The more I reflected, the more I wondered: Did Jesus cause people to experience this same thing?
When I turn to the Gospels, I see collective effervescence woven throughout his ministry. Think of the Sermon on the Mount — a hillside filled with people, all leaning in, hanging on Jesus' words. When he said, "Blessed are the poor in spirit," a single person might have felt consoled, but surrounded by hundreds equally hungry for hope, that consolation would swell into something electrifying.
Or picture the feeding of the 5,000. People gathered, not only for food but for meaning, for belonging. As bread was blessed, broken and shared, the miracle was more than full stomachs — it was the joy of one table, one community. Can we not imagine the surge of collective effervescence as thousands realized that hope and abundance were possible in their midst?

Sr. Nodelyn Abayan, center, with friends Ericka Erickson, left, and Maria Jose Bastias, right, May 1. (Nodelyn Abayan)
The triumphal entry into Jerusalem, too, carries this energy. Crowds waving palm branches, shouting "Hosanna!" Their enthusiasm carried Jesus forward, the spirit of the people propelling him into the holy city. And of course, at Pentecost, the Spirit descended upon fearful disciples, uniting them into one bold body, speaking in many tongues yet filled with the same fire. That moment was not only divine — it was the ultimate eruption of collective effervescence, birthing the church itself. (Interestingly, that is the feast day of my community, the Sisters of Social Service.)

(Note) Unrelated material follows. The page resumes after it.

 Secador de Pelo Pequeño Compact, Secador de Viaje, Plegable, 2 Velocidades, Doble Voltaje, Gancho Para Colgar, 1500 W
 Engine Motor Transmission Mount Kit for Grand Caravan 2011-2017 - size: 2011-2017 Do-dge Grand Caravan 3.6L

Jesus didn't just encounter this energy; he nurtured it (in fact he is God's energy!) He gathered people, invited them into shared meals, told stories in groups, and healed in the midst of crowds. He knew that the Spirit often moves most powerfully when people come together. What one person struggles to hold onto — faith, courage, hope — the community can carry and amplify.
This reflection or sort of higher awareness fills me with hope. In a world or even a country, where isolation and division seem to dominate, collective effervescence reminds us that we are not meant to journey alone. We are created for connection, for rhythms of togetherness, for shared experiences that open us to the Spirit. Jesus shows us that hope is not just a private sentiment tucked away in our individual hearts; it is a current — a stream of life that rises when we gather, pray, sing, march, or even cheer side by side.

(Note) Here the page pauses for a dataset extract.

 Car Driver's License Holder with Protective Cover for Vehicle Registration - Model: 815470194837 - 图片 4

And so, I find myself in quiet prayer saying thanks for the ways this reality, this insight, quietly shapes my life. In church pews, in choir lofts, in Zumba studios, at graduations, in ballparks, and even in the streets calling for justice, I sense the energy of the Holy Spirit weaving us together. These are glimpses of God's Kin-dom, moments where Jesus is palpably present, blessing our unity, magnifying our joy and strengthening our hope.
Perhaps that is the miracle: that God takes our ordinary acts of togetherness — our prayers, our songs, our meals, our laughter, our chants for justice — and transforms them into sacred glimpses of what is possible, but we have to have awareness of it. Collective effervescence is not just a psychological phenomenon or a sociological term; for me it is a spiritual truth. It is the Spirit at work, drawing us closer not only to one another but to God.
Advertisement
So, the next time I smile over saying "supercalifragilisticexpialidocious" or repeat "pneumococcal pneumonia," I will laugh. But when I say "collective effervescence," I will pause with reverence. For in that phrase, I hear the heartbeat of community, the whisper of Jesus moving among us, and the assurance that hope is always rising.
Even a small glimpse of collective effervescence can renew the hope our country and world so urgently need.
What has been your own experience of collective effervescence?
P.S. Collective effervescence also exists in nature — think of migrating birds — but that's a reflection for another time.